Il est des artistes qui construisent une carrière, et d'autres qui construisent une question. Bashar Alhroub appartient à la seconde espèce. Lorsque l'on contemple ce qu'il a accompli au fil de son parcours, du dessin à la vidéo, de l'installation à la sérigraphie, on ne trouve pas un style unique qui relierait les œuvres, mais une seule présence : celle de l'homme lui-même en train de chercher. Il dit que la seule constante de son travail est son expérience personnelle, non le désir de produire une œuvre facile à classer. Et cette phrase, dans son humilité, est la clé de tout son univers.
Né à Jérusalem, il a grandi à Hébron et travaille aujourd'hui depuis Ramallah. Mais le lieu, chez lui, n'est pas une adresse sur une carte : c'est un sentiment profond de nostalgie et d'appartenance. Car celui qui grandit entre des lieux changeants apprend très tôt que la question « qui suis-je » ne se sépare pas de la question « où suis-je ». De cette tension originelle entre la racine et le déracinement naissent toutes ses œuvres, non pour chercher un sens dans le signe isolé, mais dans l'expérience de la perte, de la nostalgie et de la quête incessante d'appartenance.
Dans sa série « Here and Now », Alhroub se tient en divers lieux, un cube de miroirs posé sur la tête. Le visage disparaît, et le monde le remplace, réfléchi sur le miroir. Le corps ne dit plus « je suis ici » : il devient un espace vers lequel l'environnement se réfléchit, où se négocient l'apparition, la disparition et la reconnaissance de l'identité. Dans cet effacement délicat réside le cœur de son projet : l'identité n'est pas un visage que l'on expose, mais un lieu que l'on cherche, fragile et exposé, chargé d'une inquiétude existentielle qui touche à la foi, à l'appartenance et à la construction de soi.

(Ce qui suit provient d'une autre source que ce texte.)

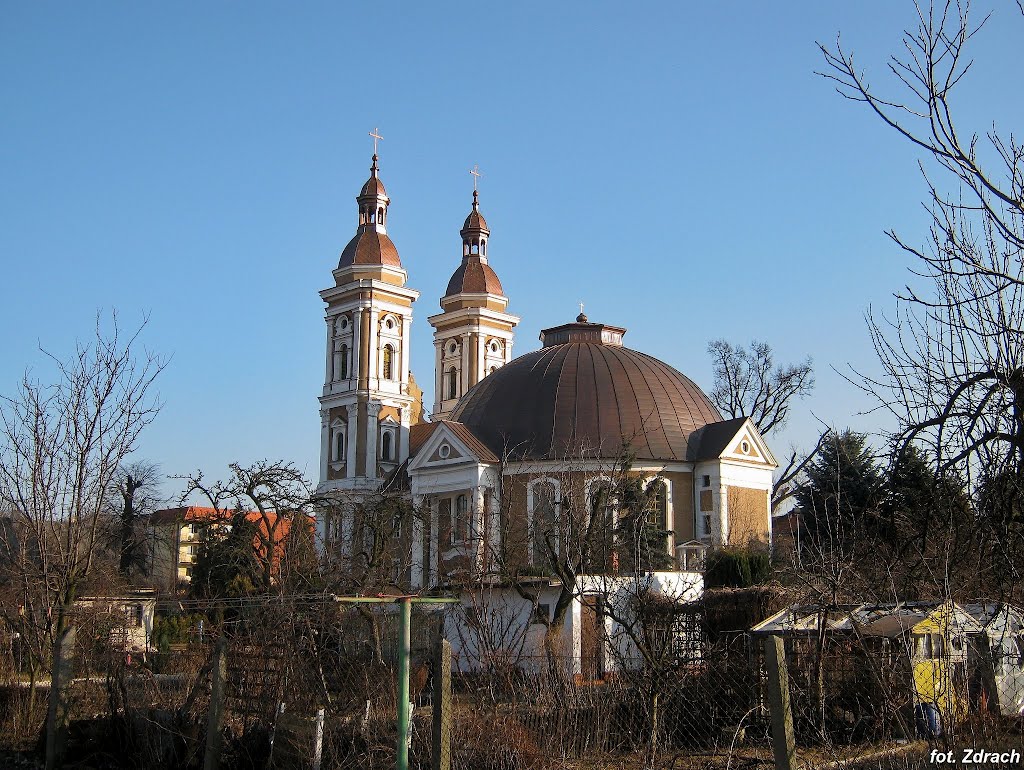 Kosciół pw Andrzeja Boboli - Krotoszyn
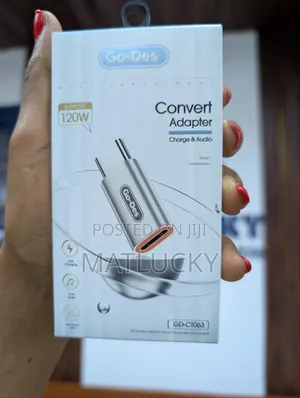Go-Des Convert Adapter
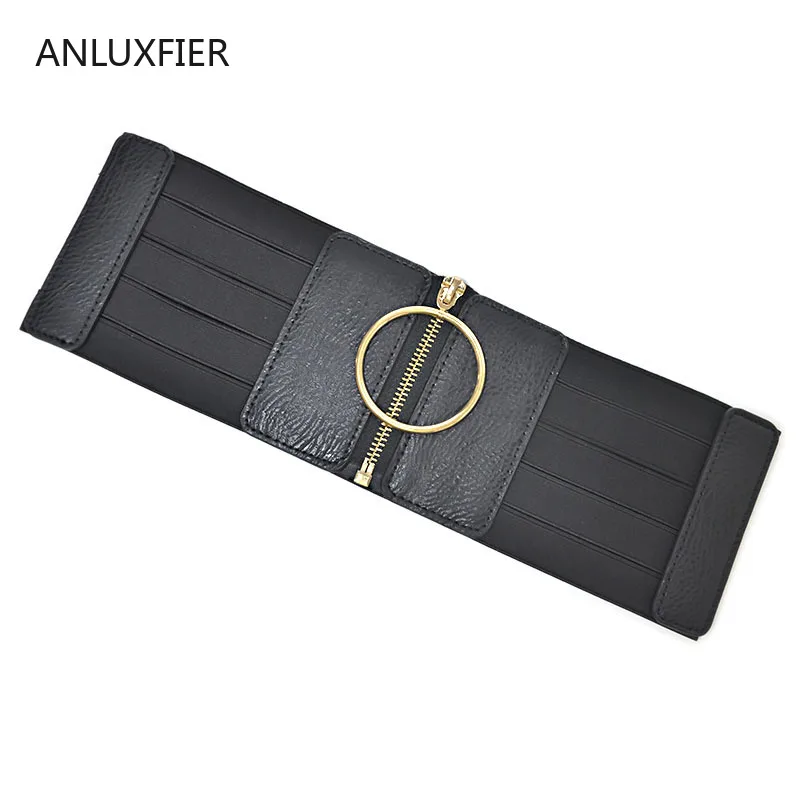 Женский широкий черный пояс H9861, модный эластичный пояс с уплотнением, круглый металлический кольцевой декоративный пояс на молнии, простой пояс высокого качества
Женский широкий черный пояс H9861, модный эластичный пояс с уплотнением, круглый металлический кольцевой декоративный пояс на молнии, простой пояс высокого качества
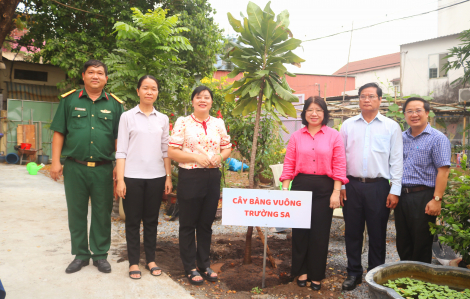 Phường Đông Hưng Thuận khánh thành công trình Khu vui chơi thể thao xanh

Et lorsqu'il se tourne vers sa ville, il ne l'aborde pas comme une cause, mais comme une sensation intérieure. Il parle, selon ses propres mots, d'une Jérusalem intime où il cherche un secret qui se ressent sans se dire. Il détache les symboles de leur aura et les réinvente librement, moins pour dire quelque chose de la ville que pour dire quelque chose de l'âme qui la regarde. Là se révèle sa spiritualité : non une religiosité déclarée, mais une recherche constante du sacré au cœur de l'éphémère, et de l'apaisement au cœur du trouble.
Au plus profond de sa pratique se love une aspiration à la liberté. Alhroub choisit délibérément de créer un état de chaos dans l'œuvre, non par gratuité, mais pour atteindre l'état intérieur du spectateur et le pousser à reconsidérer son moi et son rapport à ce qui l'entoure. Le chaos, chez lui, n'est pas une perte de sens : il en est la naissance, une tentative patiente de libérer l'âme de ce qui l'entrave, images toutes faites et fausses certitudes.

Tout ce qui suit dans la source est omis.